A Pnad Contínua mostra ainda que o percentual de 43% de pessoas sem carteira foi o maior já registrado desde que o levantamento começou a diferenciar os profissionais que atuam por conta própria com e sem CNPJ, em 2015. Apesar de a taxa de desemprego de 11,9% no terceiro trimestre de 2018, a pesquisa do IBGE revelou que a população ocupada do país avançou 1,5% com a entrada de 1,3 milhão de pessoas no mercado de trabalho, principalmente o informal.
Variedade e espaço
Abílio e Esteves dividem o espaço dos semáforos no cruzamento da Avenida Ceará com diversos outros ambulantes. Além das pizzas e água de coco, pães caseiros, banana frita, bolo de pote e água mineral são comercializados por outros ambulantes que atuam no local.

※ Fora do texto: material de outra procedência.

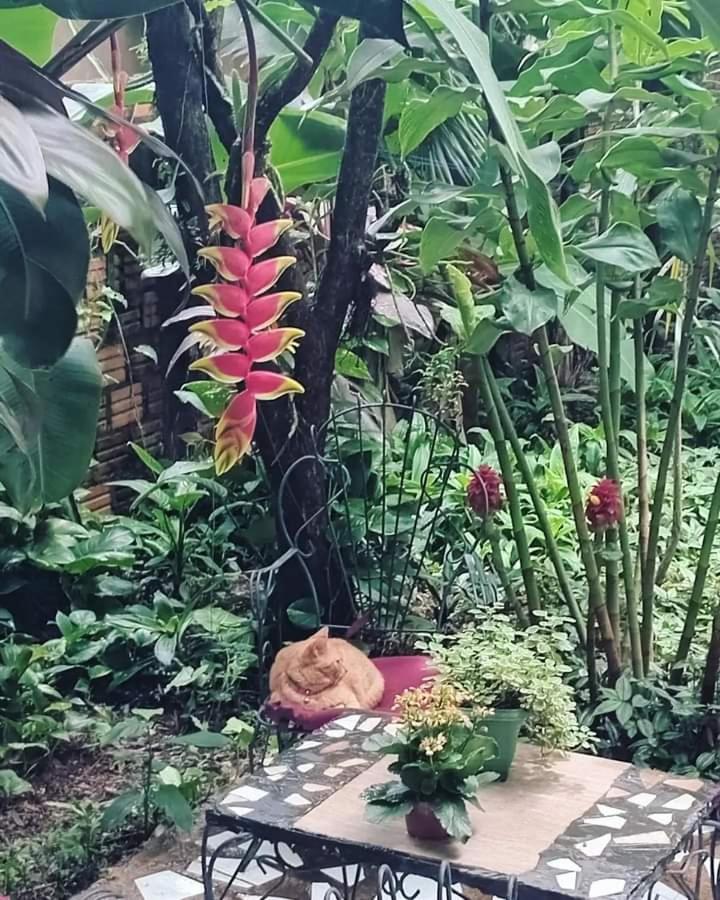 Posada María Iguazú Puerto Iguazú Exterior foto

Gustavo Abílio conta que todos dividem o espaço harmoniosamente. Segundo ele, não há um consenso formal entre os vendedores para limitar quem pode comercializar e que tipos de produtos vender.
“Ninguém impõe regras ou limitações de espaço aqui. Todos convivem bem e cada um vende seu produto. Mas há um consenso geral entre todos nós. Se eu vendo água de coco, nenhuma outra pessoa traz o mesmo produto. Mas não porque isso é imposto, mas sim porque todos têm consciência de que não pode vender a mesma coisa que outra pessoa para não prejudicar o colega. É uma espécie de ajuda coletiva que todos prestam uns aos outros”, afirmou o ex-lojista.
Foi com esse compartilhamento de espaço que Tereza da Silva começou a comercializar pães caseiros há oitos meses no mesmo semáforo do cruzamento da Avenida Ceará com a Rua Osmar Sabino.
Ela relata que há 18 anos trabalha com a fabricação e venda do produto, mas nunca atuou em empreendimento de terceiros por não se sentir atraída pelas propostas. Antes de se fixar no semáforo, ela percorria os bairros da capital acreana levando os pães de casa em casa.
“Depois que resolvi ficar no sinal, as vendas aumentaram bastante. Quando passava nos bairros, vendia de 50 a 80 pães por dia. Agora, a saída é de 150 a 200 pães. É muito melhor aqui porque o fluxo de pessoas é bem maior e a procura também. Além desse semáforo, também vendo pão em um ponto fixo que montei aqui próximo e em outro semáforo na Rua Rio de Janeiro. É com essa renda que junto com meu esposo sustento minha família”, afirmou Tereza.
Expansão dos negócios e preconceito dos motoristas
Após se fixarem no semáforo, Gustavo Abílio e Tereza da Silva viram as vendas aumentarem a ponto de eles precisarem chamar outras pessoas para ajudar no trabalho. A padeira, por exemplo, conta hoje com cinco colaboradores, que ajudam ela nas vendas espalhados pelas principais avenidas de Rio Branco. “Não estava conseguindo mais dar conta sozinha porque cresceu muito. Aos poucos fui chamando mais pessoas. Eles são pagos por comissão”, falou ela.
Abílio também precisou chamar ajudante com o aumento nas vendas. Diariamente, eles vendem cerca de 100 garrafas de água de coco. Algo em comum que ele, Esteves e Tereza vivenciam além do espaço e rotina, é o preconceito de muitas pessoas.
“Quando eu passo pelos carros mostrando e oferecendo o produto, muitos ficam com medo achando que é assalto ou que sou pedinte. Mesmo estando aqui há três anos, ainda enfrento muito preconceito”, lembrou Abílio.
Tereza afirma que já foi destratada diversas vezes durante as vendas. “Existem muitas pessoas que valorizam nosso trabalho, são receptivas e compram, são bacanas. Mas várias vezes já fui tratada mal e sofri grosserias gratuitas”, relembrou.
O pizzaiolo Erloilton Esteves afirma que já aprendeu a lidar com a situação. “Preconceito sempre existe. Ficava um pouco triste, mas agora não deixo esse tipo de coisa me abater e continuo trabalhando honestamente”, finalizou ele.